By: Rezo Nodwes Mai 2022
Avec la montée des technologies de l’information et de la communication, de plus en plus d’institutions, d’élus nationaux utilisent les réseaux sociaux pour communiquer avec le grand public. Cette utilisation a élargi la capacité du citoyen à exprimer ses positions sur les initiatives de l’Etat et de critiquer les élus.
par Jameson Pierre-Louis
Mai 2022 ((rezonodwes.com))–
Ces quatre dernières années, les réseaux sociaux ont joué un rôle prépondérant dans le dénouement de la situation socio-politique en Haïti.
Cet article propose une perspective haïtienne sur le droit de bloquer sur le web.
Du tweet de l’acteur Gilbert Mirambeau, initiateur de la mobilisation pour la reddition des comptes du fonds Petro Caribe, en passant par l’opération « #Unfollow Président Jovenel sur Twitter » à l’annonce du constat de la caducité du parlement, le pouvoir des médias sociaux dans l’exercice des droits politiques en Haïti est un truisme.
Contrairement à ce que pourrait laisser penser ces actions de prime abord, elles ne révèlent pas du choix personnel des détenteurs des comptes « officiels » sur les réseaux sociaux.
Cette question révèle de la plus haute importance lorsqu’on l’examine à travers le cadre du droit à l’information, qui ne l’oublions pas est un droit fondamental de l’homme et du citoyen consacré par la déclaration universelle des droits de l’homme et la Constitution Haïtienne de 1987.
Bien avant d’analyser les réponses qu’a essayé d’apporter le droit haïtien, il faut attirer l’attention du lecteur sur l’universalité de cette problématique.
En effet, dans certains pays comme les Etats unis et en France, des citoyens victimes de blocage sur les réseaux sociaux sont allés jusqu’à entamer des actions en justice contre les détenteurs des comptes.
En 2019, un journaliste, Guillaume Tatu, proche de la France insoumise, a porté plainte vendredi 4 janvier contre Richard Ferrand, président de l’Assemblée nationale, pour l’avoir bloqué sur Twitter.
Comme l’a rapporté le site la Gazette des communes,
« Aux Etats-Unis, Une affaire similaire a fait l’objet d’une décision de justice le 23 mai 2019. Une juge fédérale de New-York a demandé à Donald Trump à ne pas bloquer de citoyens sur Twitter.
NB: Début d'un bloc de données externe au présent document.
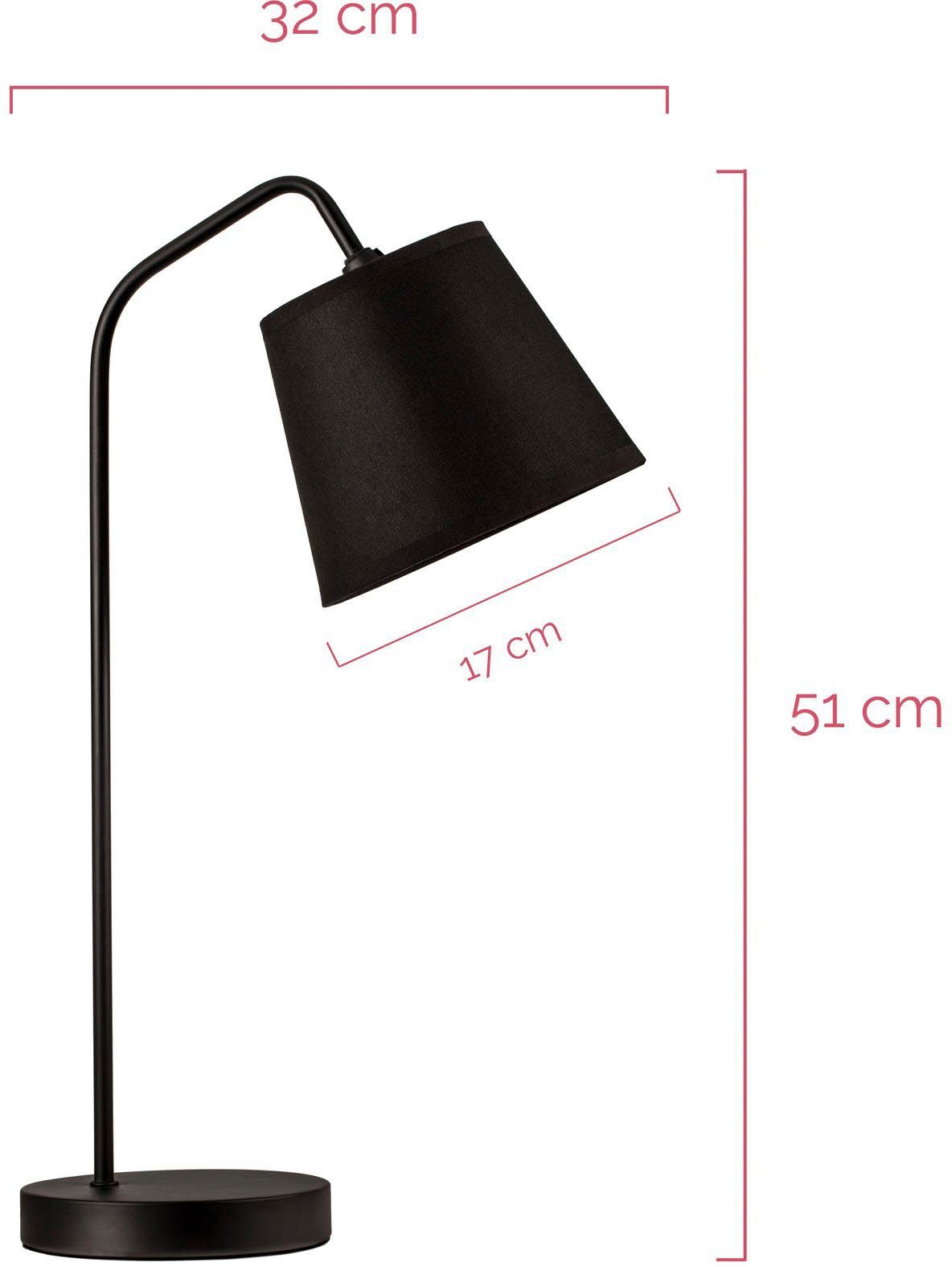 Stoffschirm ohne Elegance, Schreibtischlampe Schwarz Pauleen E14, True Leuchtmittel,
Les prévenants se prévalaient notamment du fait que le compte du président américain était un « forum public ». La juge Naomi Reice Buchwald a en effet considéré que Donald Trump devait laisser la possibilité aux citoyens américains de réagir à ses tweets, comme le veut la liberté d’expression protégée par le premier amendement de la Constitution américaine ».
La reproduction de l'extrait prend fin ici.